Finkelstein on Israel

Danny Finkelstein has written a truly wonderful article on the Israel issue. Do read it. Even if you're on the other side of the issue from him, it's a very enlightening read. Here's an extract...

The poverty and the death and the despair among the Palestinians in Gaza moves me to tears. How can it not? Who can see pictures of children in a war zone or a slum street and not be angry and bewildered and driven to protest? And what is so appalling is that it is so unnecessary. For there can be peace and prosperity at the smallest of prices. The Palestinians need only say that they will allow Israel to exist in peace. They need only say this tiny thing, and mean it, and there is pretty much nothing they cannot have.

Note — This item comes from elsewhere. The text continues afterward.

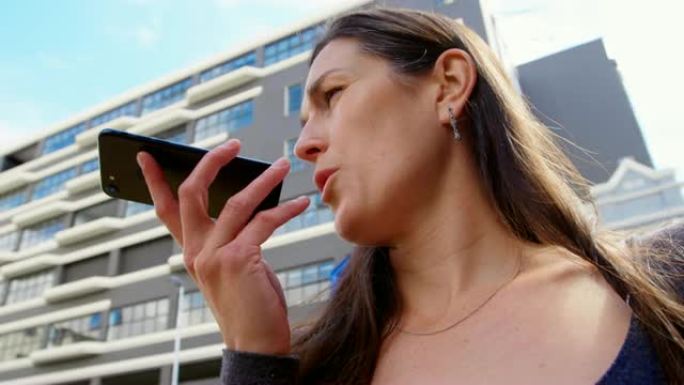 城市4k中女人在手机上说话的低角度视图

Yet they will not say it. And they will not mean it. For they do not want the Jews. Again and again - again and again - the Palestinians have been offered a nation state in a divided Palestine. And again and again they have turned the offer down, for it has always been more important to drive out the Jews than to have a Palestinian state. It is difficult sometimes to avoid the feeling that Hamas and Hezbollah don't want to kill Jews because they hate Israel. They hate Israel because they want to kill Jews.

There cannot be peace until this changes. For Israel will not rely on airy guarantees and international gestures to defend it. At its very core, it will not. It will lay down its arms when the Jews are safe, but it will not do it until they are.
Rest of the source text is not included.